Thursday, April 29, 2010

Forgotten Books: The Collected Stories of Ernest Hemingway

If you grew up in the Forties or Fifties it was impossible to imagine that the literary luster of Ernest Hemingway would ever dim. I've never known of a writer as imitated (usually badly) as ole Papa.

He loved it. He carefully crafted the public persona of adventurer and man's man the press and the people loved. Novels such as A Farewell To Arms and For Whom The Bell Tolls outsold the books of his contemporaries.

But time and taste caught up with him and we now see that Hemingway's novels weren't quite as good as we once thought. He certainly had no Gatsby to brag of nor even a Grapes of Wrath by the despised Steinbeck; Papa believed he was a terrible writer. For me the only novel of his worth reading now is The Sun Also Rises. It's not a great novel but it's fascinating one and much truer to the real Hemingway than the novels he wrote afterward.

But then there are the short stories. Back in the day his collected stories were referred to with great reverence as The First Forty-Nine. Many of them were reprinted dozens if not hundreds of times around the world, textbooks included. They still deserve the reverence paid them back then.

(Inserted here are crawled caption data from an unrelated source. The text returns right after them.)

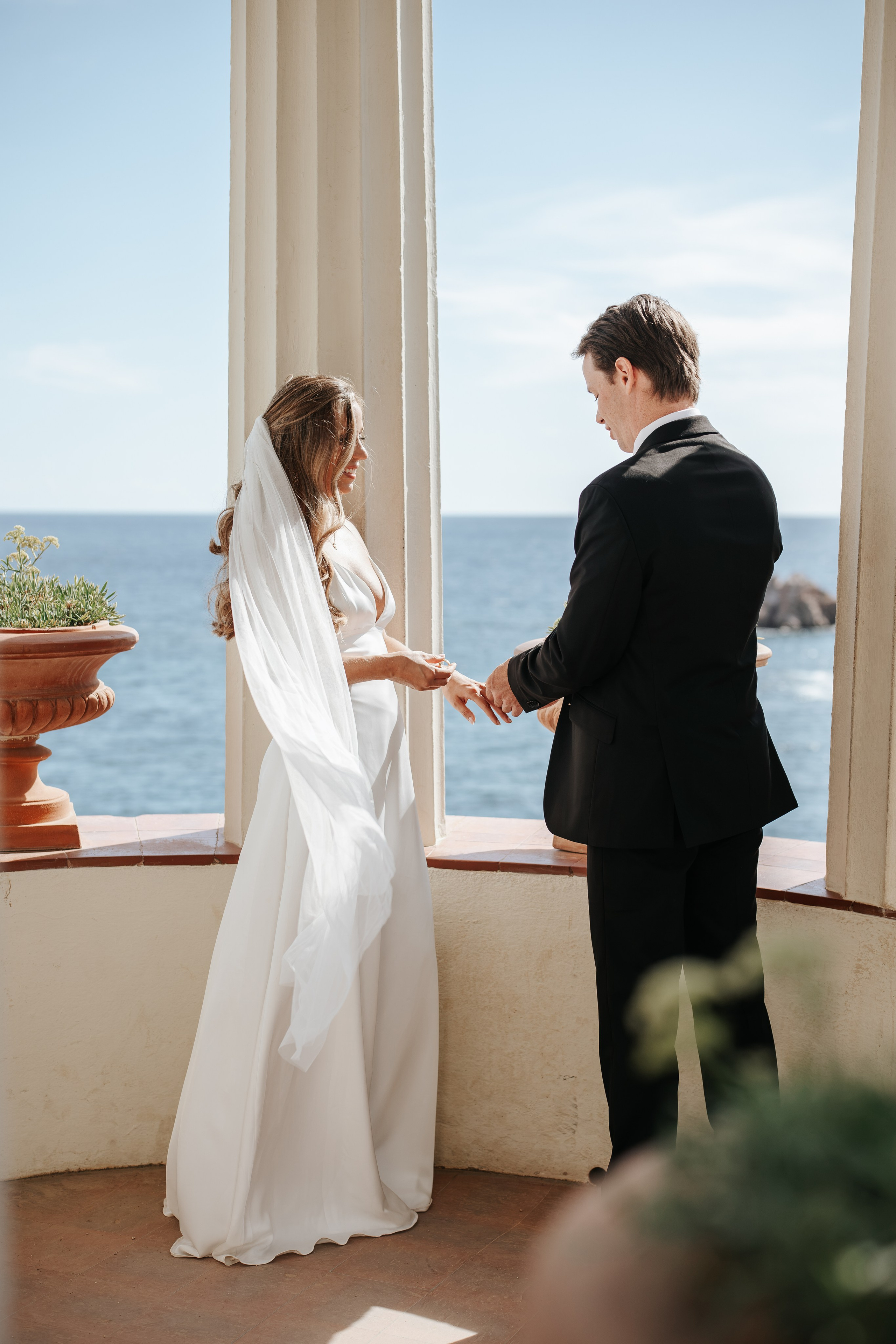 Hunter & Molly, 10/09/2026, Jardi Botanic Marimurtra. Wedding photographer in Girona and Costa Brava| Evgenia Gruntovaya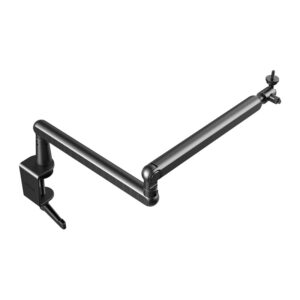 Fifine BM88 microphone desk stand juodos spalvos - Image 3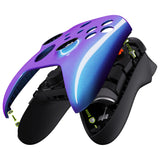 eXtremeRate FaceMag Chameleon Purple Blue Magnetic Replacement Front Housing Shell for Xbox Series X & S Controller, DIY Faceplate Cover for Xbox Core Controller Model 1914 - Controller NOT Included - MX3P3005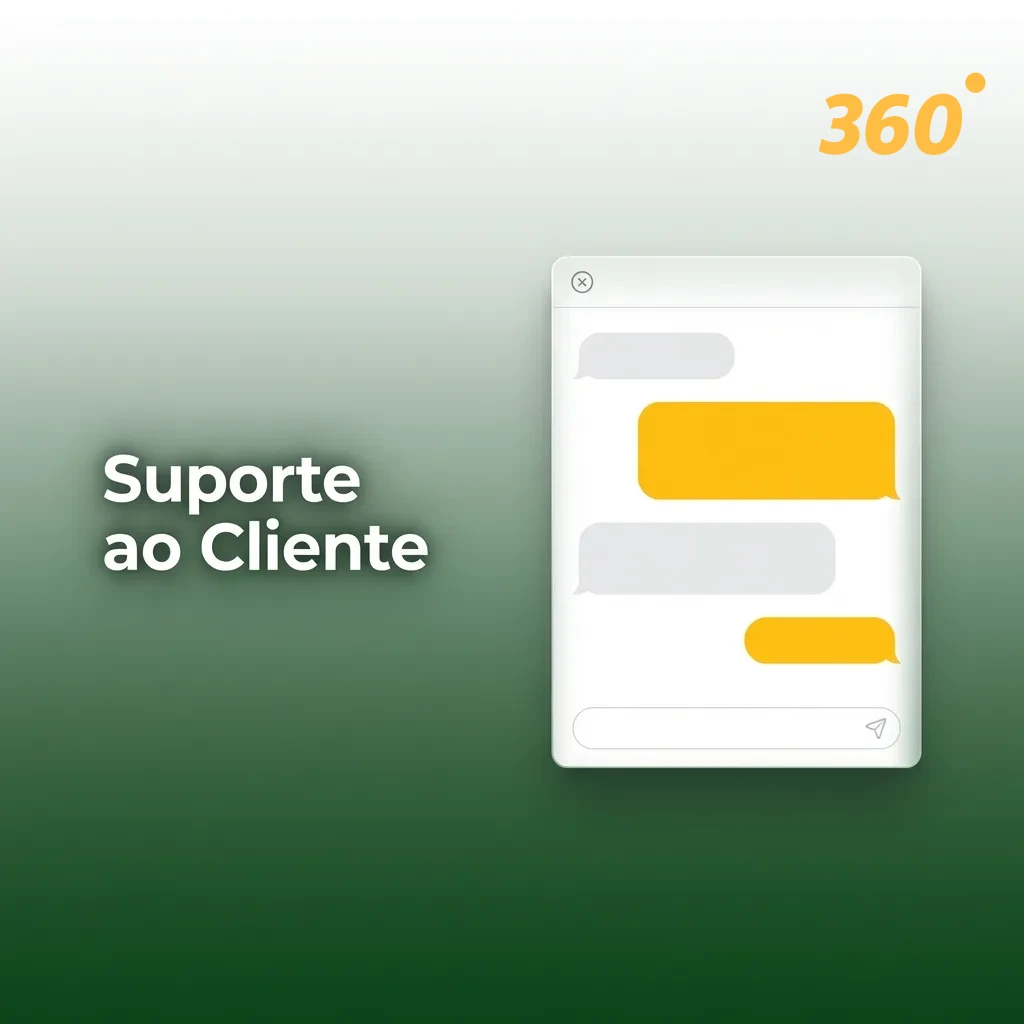 Ícones de canais de suporte ao cliente: chat ao vivo, e-mail, Telegram, WhatsApp e central de ajuda disponíveis 24/7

From his story of death and dying ("A Clean, Well-Lighted Place") to his sad and ironic tale of a soldier who came back from the First World War too late for the parades ("Soldier's Home:) to the stories set in Upper Michigan this is American literature at its finest. This was Hemingway before he became Papa--the confused boy-man who went to war and then set himself up in Paris to write.

In numerous stories here he proves himself the equal of Faulkner (whom he saw as his main competition--he'd already arrogantly written off his old friend (and the guy who got him his Scribner contract) Fitzgerald) in experimenting with point of view. The line, as several critics mentioned at the time, went from Stephen Crane to Mark Twain to Hemingway, that pure American voice. If you read Crane's The Blue Hotel before you reading Hemingway's Collected Stories you'll hear the echoes throughout start the book.

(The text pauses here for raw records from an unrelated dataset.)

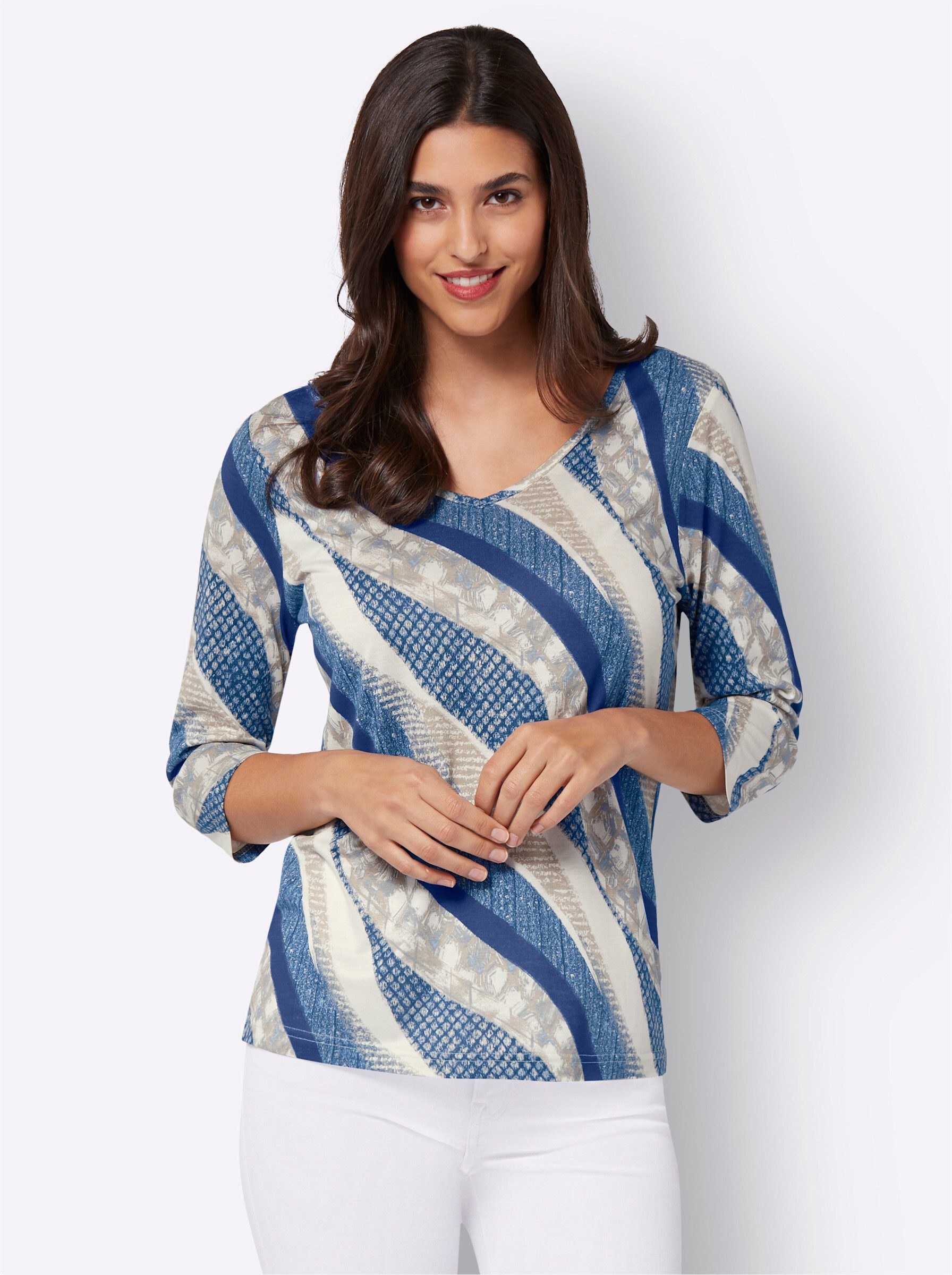 Classic Basics 3/4-Arm-Shirt "3/4-Arm-Shirt", (1 tlg.) günstig online kaufen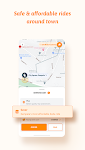 screenshot of SafeBoda with SafeCar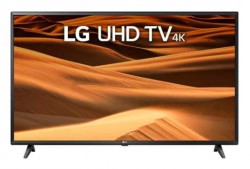Телевизор LED LG 43" 43UM7020PLF черный/Ultra HD/50Hz/DVB-T/DVB-T2/DVB-C/DVB-S/DVB-S2/USB/WiFi/Smart TV (RUS)
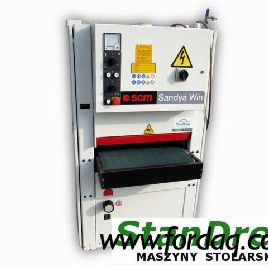 Used SCM Sandya Win Wide Belt Sander, 2004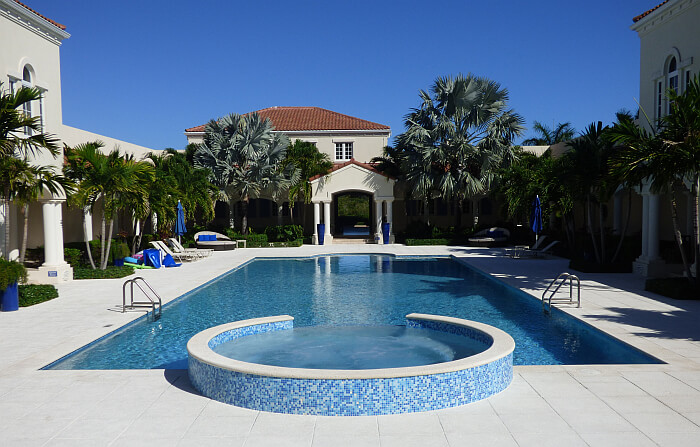 Venetian Resort pool Turks & Caicos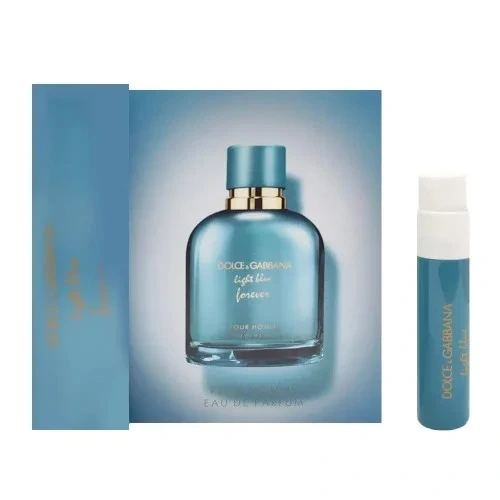 Dolce&Gabbana Light Blue Forever (M) 0.8 ml, Parfumovaná voda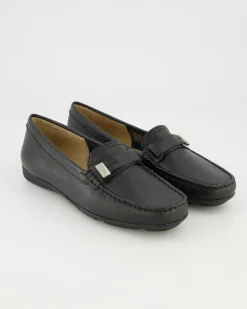 Albany Mokassins in Schwarz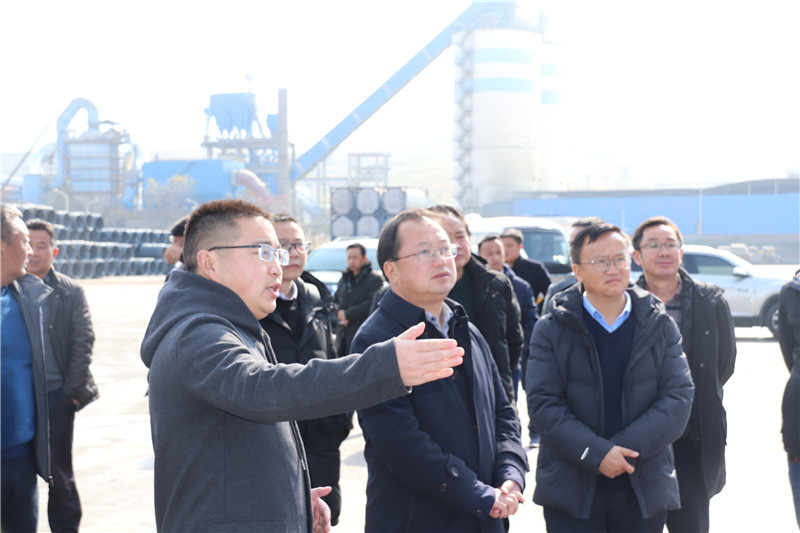 涼山州州委常委、西昌市市委書記馬輝視察通宇物流攀西（裝配建材）物流港(圖1)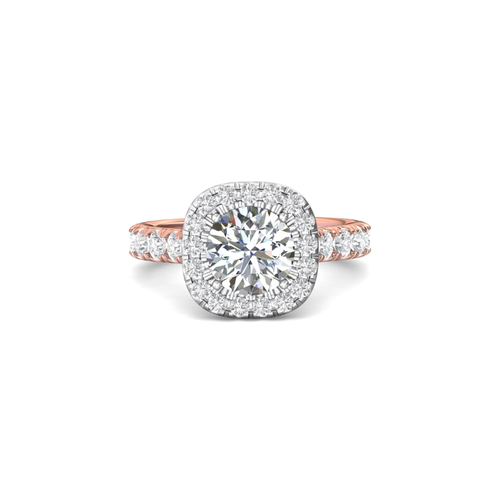 Martin Flyer Flyer Fit Engagement Ring DERMH7MCUTTPQ-F-8.0RD thumbnail 1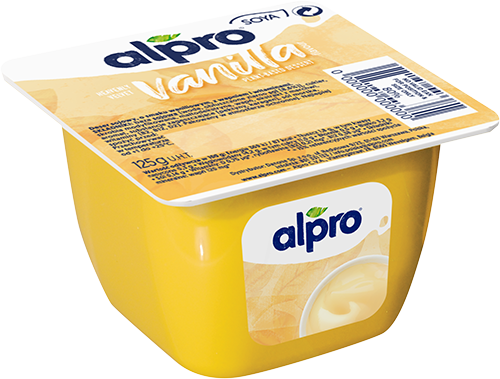 Десерт соєвий з ванільним смаком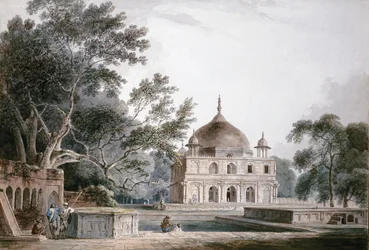 Le Mausolée du Prince Khusrau, Allahabad, Uttar Pradesh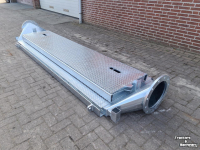 Beregnungsbrücke / Mobile Wasserbrücke AGM Leidingdrempel / road ramp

For readers and writers alike, this is one book that should be in every serious collection. There was no more vital and powerful voice than Hemingway's in his early stories (and I don't include The Old Man And The Sea which I never much liked; way too self-consciously Important). Today they're just as pure and perfect as they were when first published. All hail Hemingway.

I'd pick this up as soon as possible.

6 comments:

Chad Eagleton said...

I've always thought that "Hills Like White Elephants" is one of the most perfect short stories ever.

mybillcrider said...

I love THE SUN ALSO RISES. I'm also partial to the first half of TO HAVE AND HAVE NOT. And I've read those stories over and over, even homaging them a time or two just for run. Nobody would ever get the joke except me, though.

Cap'n Bob said...

I prefer the short stories to the few EH books I've read.

Anonymous said...

Pleased you mentioned "Soldier's Home," Ed. That was a terrific story.
Jon Breen

Stephen B. said...

I've owned paperbacks of at least five Hemingway books. And read one of them - THE SUN ALSO RISES. I think I need to get into a few other books/authors from that era and see what I've been missing.

SB

Hannah Stoneham said...

Hi - I'm not shocked at your opinion of The Sun Also Rises - I love it and have just linked to your blog on my review.